Desafiar como a narrativa cinematográfica aborda os conflitos armados é o ponto central de “Número 24”. O longa explora as contradições de retratar a guerra sem glorificá-la, reconhecendo que até mesmo críticas ao enfrentamento bélico podem se tornar cúmplices de interesses políticos que perpetuam a violência. Inspirado na trajetória do norueguês Gunnar Sønsteby, o filme examina heroísmo, patriotismo e dilemas éticos que transcendem o campo de batalha. A jornada começa com Sønsteby, já idoso, relembrando seus dias na resistência norueguesa durante a Segunda Guerra Mundial, conduzindo o público ao período dos anos 1930.
Numa Noruega subjugada pela ocupação nazista, Gunnar emerge como um resistente silencioso, assumindo o codinome “Número 24” ao enfrentar riscos em operações de sabotagem e missões clandestinas. Distante do arquétipo de herói carismático, Sønsteby se destaca por ações discretas, embora eficazes. A narrativa, contudo, não se limita à tensão das perseguições ou explosões em fábricas; ela investiga as implicações morais dessas ações, incluindo execuções controversas. A virada acontece quando o personagem é confrontado, anos depois, por estudantes que questionam as consequências de suas escolhas. Nesse momento, a obra ultrapassa o território das histórias de espionagem e heroísmo para mergulhar nas complexidades da culpa e da ética em tempos de guerra.
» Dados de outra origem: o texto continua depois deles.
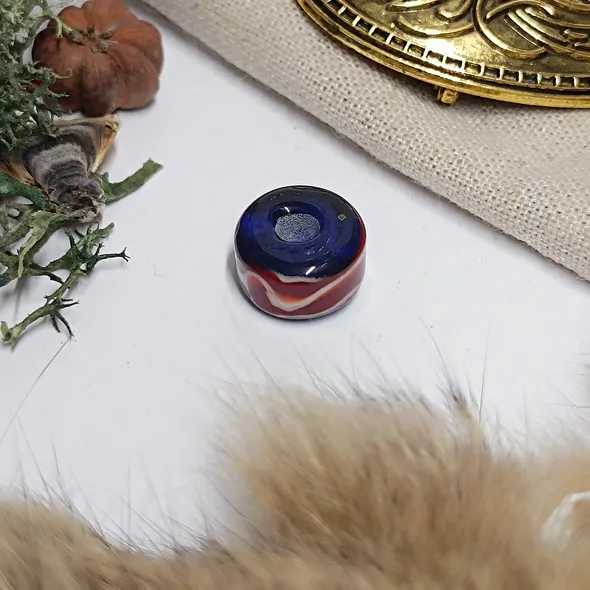 A photo of the bead on a white background but slightly framed with items associated with the viking era
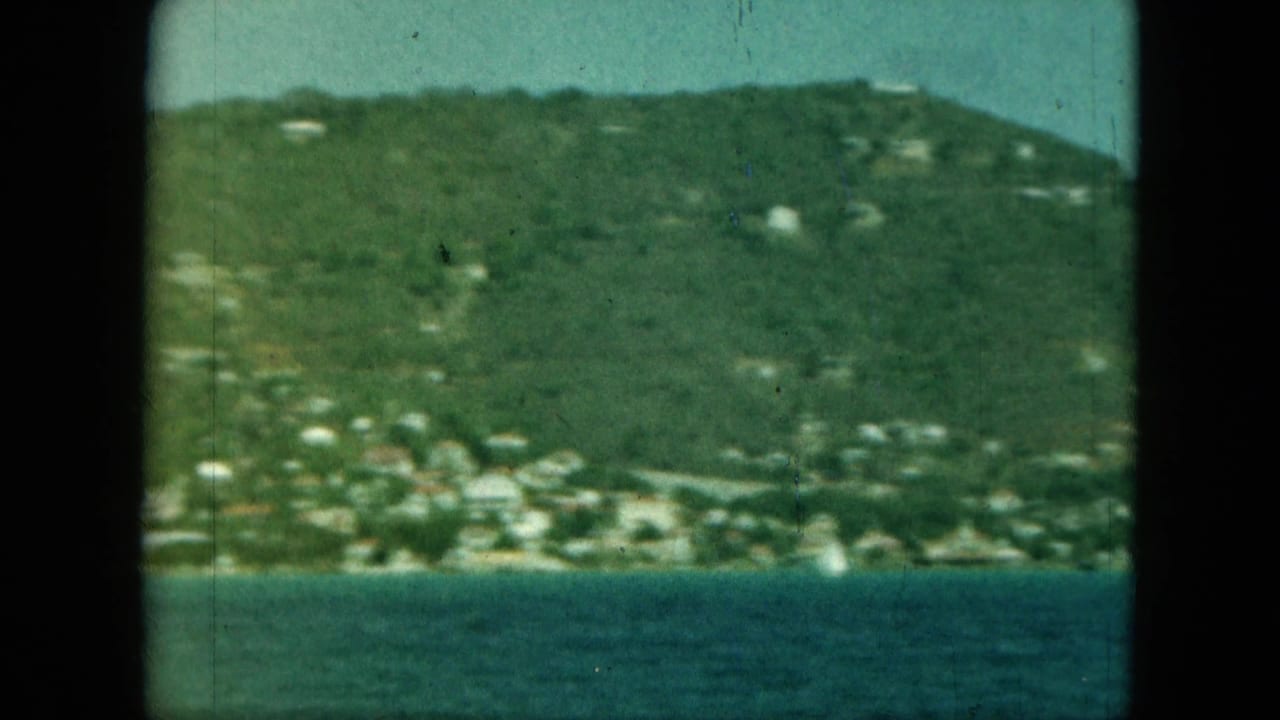 Green hillside with scattered pale buildings across blue-green bay water.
A direção de John Andreas Andersen, conhecida por trabalhos como “Mar do Norte” e “Terremoto”, alterna sequências eletrizantes e introspectivas, explorando as nuances do protagonista. Ao som de “Exit Music (For a Film)”, do Radiohead, o filme insere modernidade em um contexto histórico, provocando debate sobre os limites da estilização. A reconstituição da época se destaca nos detalhes visuais e sonoros, enquanto o elenco, liderado por Sjur Vatne Brean e Erik Hivju, imprime profundidade emocional a cada cena. No ápice, os dilemas morais de Sønsteby ressoam em um diálogo tenso e envolvente, revelando falhas e arrependimentos raramente explorados em biografias.
Ao questionar até onde a luta contra a opressão pode justificar métodos extremos, o filme desafia o espectador a refletir sobre o heroísmo e a culpa em contextos de guerra. A produção se equilibra entre o impacto histórico e as ambiguidades humanas, deixando uma marca que se estende além da tela. Para alguns, a obra evoca debates urgentes; para outros, seu tom pode parecer desconfortavelmente próximo da realidade atual. Ainda assim, “Número 24” oferece uma rara oportunidade de confrontar as complexidades éticas de lutar por liberdade em um mundo onde as linhas entre heróis e vilões frequentemente se tornam indistinguíveis.